## EXERCISE BRIEF
Retype all of the data without changing a single word.

## Source data
-.-.-

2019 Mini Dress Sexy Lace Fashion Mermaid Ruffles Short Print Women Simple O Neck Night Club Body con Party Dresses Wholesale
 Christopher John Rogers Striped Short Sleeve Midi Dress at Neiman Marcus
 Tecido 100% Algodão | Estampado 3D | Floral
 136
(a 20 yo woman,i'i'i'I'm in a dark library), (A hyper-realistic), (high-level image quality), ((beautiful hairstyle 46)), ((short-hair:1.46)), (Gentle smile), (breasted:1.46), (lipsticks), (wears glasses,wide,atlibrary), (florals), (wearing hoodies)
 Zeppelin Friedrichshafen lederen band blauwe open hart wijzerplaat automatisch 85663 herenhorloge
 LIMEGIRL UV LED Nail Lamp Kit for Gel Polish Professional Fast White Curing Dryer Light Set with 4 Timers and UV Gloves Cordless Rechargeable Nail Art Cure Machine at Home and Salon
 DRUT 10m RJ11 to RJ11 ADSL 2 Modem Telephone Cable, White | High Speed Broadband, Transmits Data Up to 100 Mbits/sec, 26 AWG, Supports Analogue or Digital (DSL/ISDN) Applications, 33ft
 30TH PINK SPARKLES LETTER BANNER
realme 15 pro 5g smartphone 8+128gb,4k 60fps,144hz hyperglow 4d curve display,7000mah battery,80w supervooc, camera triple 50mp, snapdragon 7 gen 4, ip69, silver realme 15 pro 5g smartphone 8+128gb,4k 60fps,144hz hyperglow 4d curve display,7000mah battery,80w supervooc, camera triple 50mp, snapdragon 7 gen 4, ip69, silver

-.-.-

## RESPONSE
2019 Mini Dress Sexy Lace Fashion Mermaid Ruffles Short Print Women Simple O Neck Night Club Body con Party Dresses Wholesale
 Christopher John Rogers Striped Short Sleeve Midi Dress at Neiman Marcus
 Tecido 100% Algodão | Estampado 3D | Floral
 136
(a 20 yo woman,i'i'i'I'm in a dark library), (A hyper-realistic), (high-level image quality), ((beautiful hairstyle 46)), ((short-hair:1.46)), (Gentle smile), (breasted:1.46), (lipsticks), (wears glasses,wide,atlibrary), (florals), (wearing hoodies)
 Zeppelin Friedrichshafen lederen band blauwe open hart wijzerplaat automatisch 85663 herenhorloge
 LIMEGIRL UV LED Nail Lamp Kit for Gel Polish Professional Fast White Curing Dryer Light Set with 4 Timers and UV Gloves Cordless Rechargeable Nail Art Cure Machine at Home and Salon
 DRUT 10m RJ11 to RJ11 ADSL 2 Modem Telephone Cable, White | High Speed Broadband, Transmits Data Up to 100 Mbits/sec, 26 AWG, Supports Analogue or Digital (DSL/ISDN) Applications, 33ft
 30TH PINK SPARKLES LETTER BANNER
realme 15 pro 5g smartphone 8+128gb,4k 60fps,144hz hyperglow 4d curve display,7000mah battery,80w supervooc, camera triple 50mp, snapdragon 7 gen 4, ip69, silver realme 15 pro 5g smartphone 8+128gb,4k 60fps,144hz hyperglow 4d curve display,7000mah battery,80w supervooc, camera triple 50mp, snapdragon 7 gen 4, ip69, silver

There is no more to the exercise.